Dataset excerpts
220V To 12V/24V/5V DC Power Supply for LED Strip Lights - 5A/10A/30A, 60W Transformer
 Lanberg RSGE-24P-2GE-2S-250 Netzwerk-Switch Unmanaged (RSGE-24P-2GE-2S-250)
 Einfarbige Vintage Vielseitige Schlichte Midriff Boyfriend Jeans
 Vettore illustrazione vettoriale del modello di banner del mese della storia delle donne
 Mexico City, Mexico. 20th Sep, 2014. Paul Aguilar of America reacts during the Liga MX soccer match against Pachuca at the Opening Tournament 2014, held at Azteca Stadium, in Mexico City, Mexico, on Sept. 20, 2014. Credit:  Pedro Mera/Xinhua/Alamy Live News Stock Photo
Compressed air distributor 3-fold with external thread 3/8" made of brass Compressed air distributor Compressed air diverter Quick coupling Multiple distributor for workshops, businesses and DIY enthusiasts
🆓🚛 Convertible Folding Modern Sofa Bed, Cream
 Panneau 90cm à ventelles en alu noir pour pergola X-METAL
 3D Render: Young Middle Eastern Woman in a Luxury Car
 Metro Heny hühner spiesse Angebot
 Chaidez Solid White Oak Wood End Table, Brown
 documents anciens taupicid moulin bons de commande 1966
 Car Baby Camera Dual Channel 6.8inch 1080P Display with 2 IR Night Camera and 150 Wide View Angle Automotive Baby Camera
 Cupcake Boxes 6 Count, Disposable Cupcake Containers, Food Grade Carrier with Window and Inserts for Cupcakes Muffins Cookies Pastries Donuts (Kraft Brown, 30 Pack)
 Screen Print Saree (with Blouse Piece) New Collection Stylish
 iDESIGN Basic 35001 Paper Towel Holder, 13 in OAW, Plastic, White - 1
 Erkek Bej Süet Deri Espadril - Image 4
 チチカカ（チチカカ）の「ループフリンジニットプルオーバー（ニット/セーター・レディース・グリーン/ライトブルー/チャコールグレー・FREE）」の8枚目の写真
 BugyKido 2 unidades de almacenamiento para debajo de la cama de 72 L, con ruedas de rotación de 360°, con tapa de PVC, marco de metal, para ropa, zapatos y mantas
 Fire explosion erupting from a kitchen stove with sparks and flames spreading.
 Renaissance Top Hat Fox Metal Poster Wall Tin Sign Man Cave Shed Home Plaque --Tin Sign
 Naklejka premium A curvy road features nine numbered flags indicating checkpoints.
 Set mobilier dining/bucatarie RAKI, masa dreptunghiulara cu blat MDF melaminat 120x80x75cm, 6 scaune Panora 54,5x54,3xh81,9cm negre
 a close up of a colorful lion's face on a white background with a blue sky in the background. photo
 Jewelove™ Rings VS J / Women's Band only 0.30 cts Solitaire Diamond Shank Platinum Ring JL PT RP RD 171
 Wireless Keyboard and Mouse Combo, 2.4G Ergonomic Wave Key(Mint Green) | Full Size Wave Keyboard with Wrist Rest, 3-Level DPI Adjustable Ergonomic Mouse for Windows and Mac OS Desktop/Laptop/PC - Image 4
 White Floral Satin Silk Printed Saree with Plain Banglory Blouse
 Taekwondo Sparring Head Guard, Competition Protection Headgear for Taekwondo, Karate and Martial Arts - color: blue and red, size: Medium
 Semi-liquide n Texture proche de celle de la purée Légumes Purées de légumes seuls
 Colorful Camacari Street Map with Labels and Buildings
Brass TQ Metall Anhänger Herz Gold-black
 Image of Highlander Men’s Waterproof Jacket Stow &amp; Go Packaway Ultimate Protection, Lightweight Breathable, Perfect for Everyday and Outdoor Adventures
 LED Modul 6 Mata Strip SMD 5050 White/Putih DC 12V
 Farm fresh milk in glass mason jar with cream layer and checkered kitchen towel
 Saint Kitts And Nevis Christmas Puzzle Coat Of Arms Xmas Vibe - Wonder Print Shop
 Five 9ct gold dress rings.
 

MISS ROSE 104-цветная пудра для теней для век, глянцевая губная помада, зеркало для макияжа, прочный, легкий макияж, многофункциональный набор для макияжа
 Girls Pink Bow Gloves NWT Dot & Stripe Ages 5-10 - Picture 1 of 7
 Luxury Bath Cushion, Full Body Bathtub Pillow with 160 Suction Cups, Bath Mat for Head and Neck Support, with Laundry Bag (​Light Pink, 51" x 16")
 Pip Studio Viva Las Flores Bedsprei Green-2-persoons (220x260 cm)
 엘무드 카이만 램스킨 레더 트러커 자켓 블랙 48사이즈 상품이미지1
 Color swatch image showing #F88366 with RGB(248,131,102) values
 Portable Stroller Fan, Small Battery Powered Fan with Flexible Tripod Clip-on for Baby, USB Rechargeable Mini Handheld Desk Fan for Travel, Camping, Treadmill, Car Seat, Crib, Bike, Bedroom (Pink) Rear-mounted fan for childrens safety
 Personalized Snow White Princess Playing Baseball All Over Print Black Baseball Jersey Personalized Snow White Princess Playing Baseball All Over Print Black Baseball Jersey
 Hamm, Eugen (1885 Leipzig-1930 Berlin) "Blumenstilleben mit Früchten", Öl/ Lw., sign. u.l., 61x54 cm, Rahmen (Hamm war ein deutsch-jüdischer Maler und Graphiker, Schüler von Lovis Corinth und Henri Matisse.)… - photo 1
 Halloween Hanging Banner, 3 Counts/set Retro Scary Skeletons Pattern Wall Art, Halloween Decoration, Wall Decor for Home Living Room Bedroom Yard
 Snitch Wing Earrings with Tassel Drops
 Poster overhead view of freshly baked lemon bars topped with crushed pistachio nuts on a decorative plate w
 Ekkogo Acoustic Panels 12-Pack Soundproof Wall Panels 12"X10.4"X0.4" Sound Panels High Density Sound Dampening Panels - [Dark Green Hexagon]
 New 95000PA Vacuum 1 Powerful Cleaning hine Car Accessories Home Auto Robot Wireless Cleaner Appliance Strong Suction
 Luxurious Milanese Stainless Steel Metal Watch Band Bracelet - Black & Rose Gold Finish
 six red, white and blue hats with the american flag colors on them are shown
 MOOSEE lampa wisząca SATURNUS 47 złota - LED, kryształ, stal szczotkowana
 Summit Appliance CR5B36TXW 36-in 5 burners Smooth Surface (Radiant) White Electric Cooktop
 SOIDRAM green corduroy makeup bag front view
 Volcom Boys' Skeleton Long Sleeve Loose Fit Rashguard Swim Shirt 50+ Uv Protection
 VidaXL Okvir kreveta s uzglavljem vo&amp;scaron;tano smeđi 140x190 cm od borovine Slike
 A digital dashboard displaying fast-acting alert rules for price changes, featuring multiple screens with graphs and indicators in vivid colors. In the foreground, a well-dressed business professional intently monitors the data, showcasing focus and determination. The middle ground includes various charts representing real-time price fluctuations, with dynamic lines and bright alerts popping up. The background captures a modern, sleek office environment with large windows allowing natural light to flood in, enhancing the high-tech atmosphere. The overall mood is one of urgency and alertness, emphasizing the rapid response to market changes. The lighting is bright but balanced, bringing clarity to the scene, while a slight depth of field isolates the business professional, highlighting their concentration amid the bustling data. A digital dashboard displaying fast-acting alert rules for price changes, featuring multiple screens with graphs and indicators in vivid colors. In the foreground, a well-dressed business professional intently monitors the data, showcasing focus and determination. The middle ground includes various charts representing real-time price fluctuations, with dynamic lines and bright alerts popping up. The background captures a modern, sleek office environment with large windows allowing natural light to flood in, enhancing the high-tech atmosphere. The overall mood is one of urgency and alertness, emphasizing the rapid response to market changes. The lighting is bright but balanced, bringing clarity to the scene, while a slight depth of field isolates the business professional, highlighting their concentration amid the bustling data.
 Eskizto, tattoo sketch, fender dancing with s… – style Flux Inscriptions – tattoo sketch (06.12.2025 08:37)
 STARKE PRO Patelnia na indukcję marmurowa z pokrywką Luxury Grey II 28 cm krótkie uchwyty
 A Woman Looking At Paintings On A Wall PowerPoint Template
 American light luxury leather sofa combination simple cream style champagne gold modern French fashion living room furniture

= Instructions for the task =
Above are the records. Copy the lines beginning at the one that has "Snitch Wing Earrings with Tassel Drops" and ending with the one that has "VidaXL Okvir kreveta", unchanged.

= Answer space =
 Snitch Wing Earrings with Tassel Drops
 Poster overhead view of freshly baked lemon bars topped with crushed pistachio nuts on a decorative plate w
 Ekkogo Acoustic Panels 12-Pack Soundproof Wall Panels 12"X10.4"X0.4" Sound Panels High Density Sound Dampening Panels - [Dark Green Hexagon]
 New 95000PA Vacuum 1 Powerful Cleaning hine Car Accessories Home Auto Robot Wireless Cleaner Appliance Strong Suction
 Luxurious Milanese Stainless Steel Metal Watch Band Bracelet - Black & Rose Gold Finish
 six red, white and blue hats with the american flag colors on them are shown
 MOOSEE lampa wisząca SATURNUS 47 złota - LED, kryształ, stal szczotkowana
 Summit Appliance CR5B36TXW 36-in 5 burners Smooth Surface (Radiant) White Electric Cooktop
 SOIDRAM green corduroy makeup bag front view
 Volcom Boys' Skeleton Long Sleeve Loose Fit Rashguard Swim Shirt 50+ Uv Protection
 VidaXL Okvir kreveta s uzglavljem vo&amp;scaron;tano smeđi 140x190 cm od borovine Slike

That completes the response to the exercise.